I’m reminded of the RePet ad from the 2000 sci-fi action film The 6thDay. Cloning today is indeed amazing but it is not at the level of RePet, as could be easily interpreted from Sooam’s info statement. The ambiguity is irresponsible at best, and downright predatory at worst.
Beth Shapiro is an associate professor of ecology and evolutionary biology at the University of Santa Cruz and author of How to Clone a Mammoth: The Science of De-Extinction. “These practices are kind of cruel because these people are paying a lot of money with the expectation that they’re going to get their pet back, and they’re not,” she says. “They’re going to get another pet that looks a lot like the one that they used to have, but it’s not the same pet. It can’t be, because we’re more than just our DNA sequences.”
First and foremost, a clone is merely a genetic copy. Memories don’t make the jump. The technology of The 6th Day’s “syncording” is useful as a plot device, but the science of copying memories is, alas, fiction.
Shapiro offers a short science lesson on all the other reasons cloned pets are not RePets: “We (and every other living organism) are more than just the sequence of our As, Cs, Ts, and Gs that make up our genome. We are a product of our DNA sequences and the environment in which we develop and live.”
For example, identical twins are naturally occurring genetic copies. “If you know identical twins that are in their 80s and 90s, you might not even know [because] they actually look different from each other,” Shapiro explains. “What’s different about them is the experiences they’ve had in life. The experiences they had in utero are going to be the same, so when they’re born they’ll be almost identical, but they’re still different because genes express in different ways and these expression patterns are determined by stuff in our environment.”
In terms of replicating environmental factors, identical twins have a leg up on Sooam’s clones. “These dogs are not developing in the same mom as the original pet, so there you have your initial differences,” Shapiro says. “And it just changes from there! They’re not going to be born to the same mom, they’re not going to have the same siblings, they’re not going to be raised in the same environment, they’re not going to be exposed to the same diet, and they’re not going to have the same gut flora and fauna.”

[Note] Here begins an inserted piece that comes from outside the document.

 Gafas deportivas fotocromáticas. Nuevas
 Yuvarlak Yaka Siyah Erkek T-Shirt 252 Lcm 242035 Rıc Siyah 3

Humans are natural homes to a great variety of microbial life which vastly outnumber our human cells. The same is true for dogs. “We’re just beginning to learn how important the things that live in our gut are to making us look and act the way we do,” Shapiro explains. “There’s more and more science showing us that our gut microbes can actually influence whether we’re fat or skinny, or how quickly we metabolize stuff, or what kind of stuff we can metabolize. And these are all things that are not constant between a clone and [an original]. It will have exactly the same DNA, but it might not end up looking the same, and it certainly won’t be the same.”
This all comes down to a fact of biology called “epigenetics.” Shapiro continues, “Imagine it as a suite of tags that sit on top of the DNA—and these things control which genes are on, which genes are off, and if they are on to what extent they’re on. What that means is that if you have two identical twins and you separate them into different environments, they’re going to be different people. They’re going to look different, they’re going to act different, they’re going to have different likes and dislikes, and they’re going to have all sorts of differences. You can’t substitute one identical twin for another and say it’s the same person, and the same is true of these clones.”
As a twin myself, it means a lot to hear this from a geneticist. Though my brother and I are fraternal, we looked enough alike to where peers, and often mentors, expected we should act the same—or even worse, assume we were interchangeable. I shudder to think how awful it would be for a pet to be raised with a similar expectation.